Advanced Vector Extensions (AVX) and MongoDB

As part of routine homelab maintenance, I investigated upgrading containers that run MongoDB and ran into AVX-related compatibility issues.

Well, this wasn't anything routine, as I quickly learned quite a bit about MongoDB's requirements. Specifically, the Advanced Vector Extensions instructions set, or AVX for short.

What is AVX?

AVX is a family of CPU instruction-set extensions that provide SIMD (Single Instruction, Multiple Data) vector operations. AVX exposes wider vector registers and instructions for floating-point and integer math, which allows the CPU to process multiple values in parallel with a single instruction. That makes workloads compression, cryptography, and numeric computation much faster when developers choose to compile their code to take advantage.

In short, AVX is a hardware feature implemented in the processor microarchitecture; software only uses it if the compiler and runtime explicitly enable and emit AVX instructions. There are multiple generations (AVX, AVX2, AVX-512) with increasing register width and capabilities.
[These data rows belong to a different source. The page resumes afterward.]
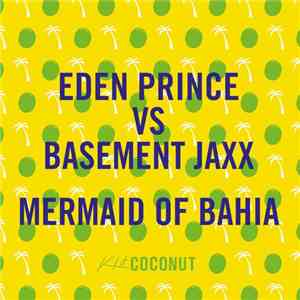 Eden Prince vs Basement Jaxx - Mermaid Of Bahia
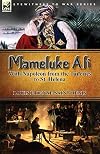 Mameluke Ali With Napoleon from the Tuileries to St. Helena (First Published under the title "Napoleon from the Tuileries to St. Helena")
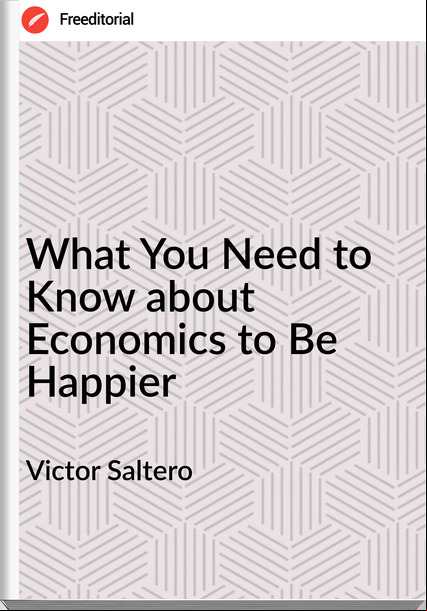 Victor Saltero What You Need to Know about Economics to Be Happier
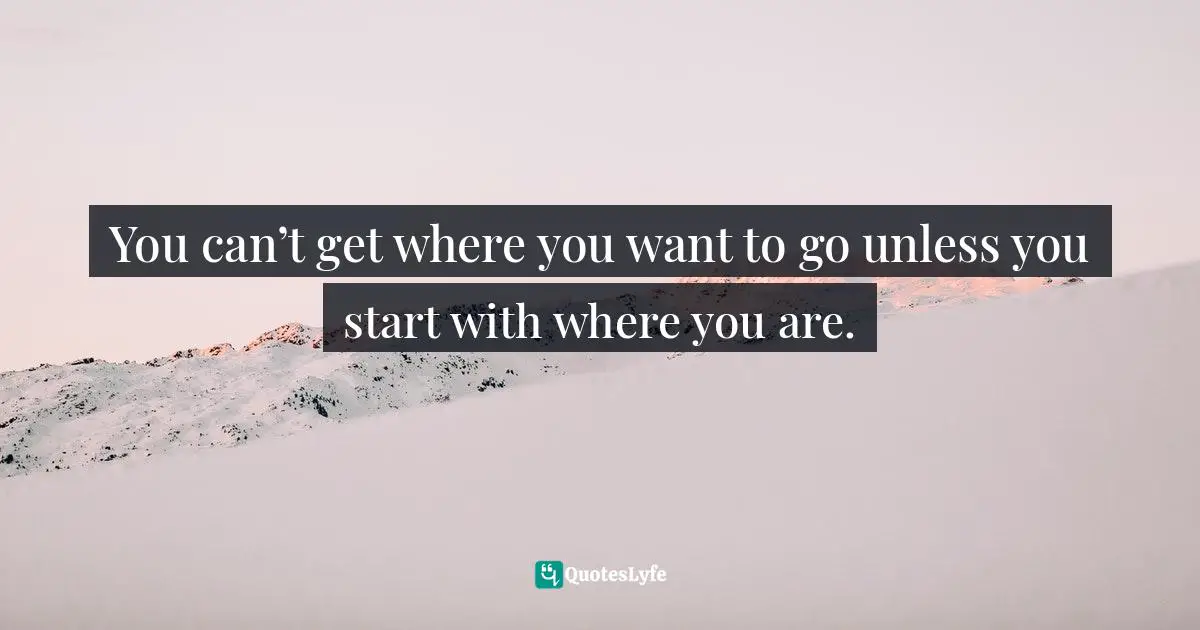 You can’t get where you want to go unless you start with where you are.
With that technical jargon out of the way, let's focus back on to MongoDB's requirements.

What does MongoDB require and why?

Modern MongoDB binaries are frequently built and optimized using modern compiler toolchains that may emit vectorized instructions when available. If a MongoDB binary is compiled with AVX-enabled optimizations, attempting to run it on a CPU that does not support AVX can cause immediate failures (such as illegal-instruction errors) or force slower fallback code paths where the binary provides them. From my limited experience, new versions of MongoDB from the last couple years prefer to just break with immediate failures.

Functionally, AVX not only affects binary compatibility but also performance characteristics. When AVX is present, you often see improved throughput and lower CPU time for the same workload. I've never benchmarked or ran significant workloads to notice, but a quick search can easily provide those enlightening details (should you choose to go down that rabbit hole).

Checking CPU Flags

Okay, so the latest and greatest MongoDB requires AVX and will immediately fail if it's missing for the CPU. Thankfully, there is an easy way to check for this beforehand (on Linux anyways!).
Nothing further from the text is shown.